By Lauren Gallagher
I started my period when I was 11 and instantly it was unbelievably heavy and painful. My mum had really bad periods, and had adenomyosis confirmed through a hysterectomy at age 29, so I guess I was lucky as she pushed me to see doctors.
When I was 13 I had a cyst burst on my left ovary and was diagnosed with polycystic ovaries. Unfortunately, that diagnosis followed me throughout my journey; doctors would repeatedly tell me that the cause of my pain was my polycystic ovaries. Over the years, the pain worsened and I was advised to try the pill and take ibuprofen. I once mentioned that I couldn’t cope with the pain anymore and the doctor assumed I was depressed and told me to start antidepressants.
Eventually I saw a doctor who was fantastic and really listened to me. As soon as she heard my story, she asked me if I’d ever heard of endometriosis, and immediately referred me to a gynaecologist. Sadly, that gynaecologist, was dismissive and told me my symptoms were probably due to polycystic ovaries. She agreed to do a laparoscopy since “that’s what the GP is pushing for”, but it was like I was an inconvenience to her. I left feeling drained.
"My surgeon said my insides were unrecognisable"
She carried out the surgery and did find endometriosis, although just a small amount, attaching my uterus to my bowel. I was 19 when I got my diagnosis. Even though she had diagnosed me, she suggested my pain was in my head since she’d only found a small amount; in her mind, I shouldn’t have been in that much pain.
18 months later I saw a second gynaecologist. He sent me for an MRI which showed endometriosis filling up my pouch of Douglas, so I underwent my first excision surgery. Endometriosis was found throughout my pelvis; surgeons told me it was the worst case they’d ever seen. My bowel surgeon said my insides were unrecognisable. It’s possible that there was a lot more endometriosis during my previous surgery than had been found or reported. It was a really bittersweet moment – I finally had answers.

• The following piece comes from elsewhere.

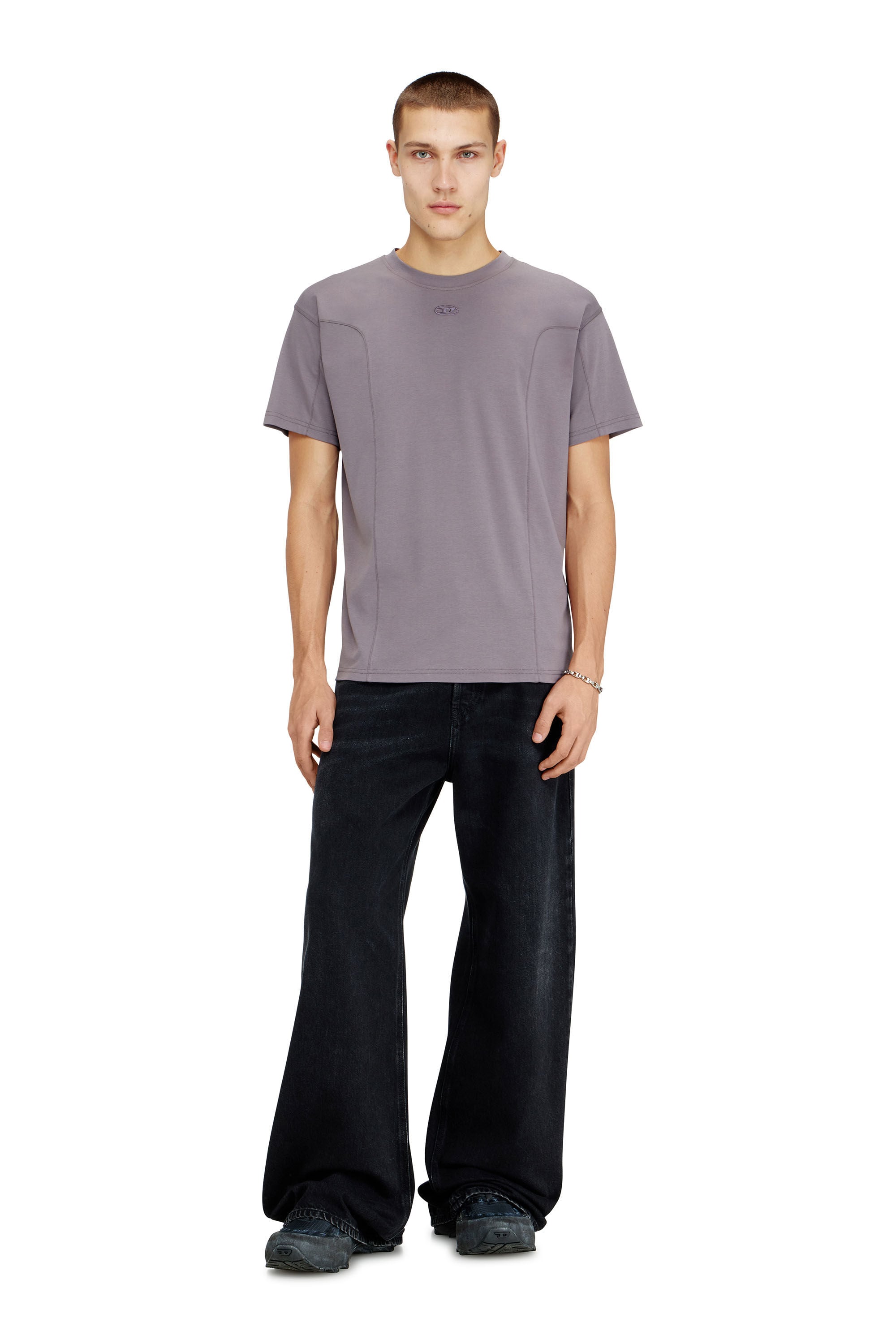 Men's T-shirt with solid color panels | Violet | Diesel US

I had some relief for about two months following surgery but then my pain worsened and I became bedbound again. In January 2021 I had further surgery, but I still live with a lot of pain so I'm continuing to see specialists.
What I’ve learnt
The journey with endometriosis is hard and lonely. The biggest problem is the lack of education or support. People can make you really doubt yourself. Some doctors will look at your notes rather than looking at you as a person. Others might project their own experiences of what pain is onto you. I’ve been told I’m too young to be in so much pain. When I was diagnosed I wasn’t given any information at all, and I’ve had to do my own research and equip myself with the knowledge and information I need.
That said, I’ve luckily been able to find people who will listen. My GP is fantastic; I wouldn’t be here without her support. I also have an endometriosis support page on Instagram which has been a lifesaver for me. I’ve made so many friends across the world, but the sad thing is that every one of them has the same story as me. Through my page I want to spread positivity and let women to know that there are other people going through exactly the same thing as them; that they’re not alone.